Venus B

History
- Namesake: Roberta Jull
- Builder: Australian Shipping Industries
- Yard number: 291
- In service: 7 September 1990
- Identification: IMO number: 8820925

General characteristics
- Tonnage: 1,571 GRT, 3,454 DWT
- Propulsion: MAN B&W Alpha 6S26MC
- Speed: 13 knots

= Venus B =

Venus B is a cargo ship. Built by Australian Shipping Industries for Stateships, it has subsequently operated for other shipping lines under a variety of names. As at April 2026 it remains operational.

==History==
Built as the Roberta Jull by Australian Shipping Industries in Henderson, Western Australia, for Stateships, the ship entered service in September 1990. It was named after Roberta Jull.

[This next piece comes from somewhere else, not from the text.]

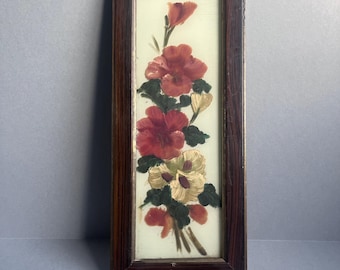 Vintage Reverse Glass Floral Painting – Hand-Painted Botanical Art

In 1995 it was sold along with sister ships Frank Konecny and Gordon Reid by owner Westpac to Briese Schiff, Germany and renamed Bremer Merkur. In 1997 it was sold to Romamka Maritime, Cyprus and renamed Ultra Merkur.

It was renamed Agadir in 2001, Sirena in 2004, Sirena II in 2005 and Iran Shalamcheh by Valfajre Eight Shipping Company, Iran in 2005. As at April 2026 it remains operational as the Venus B.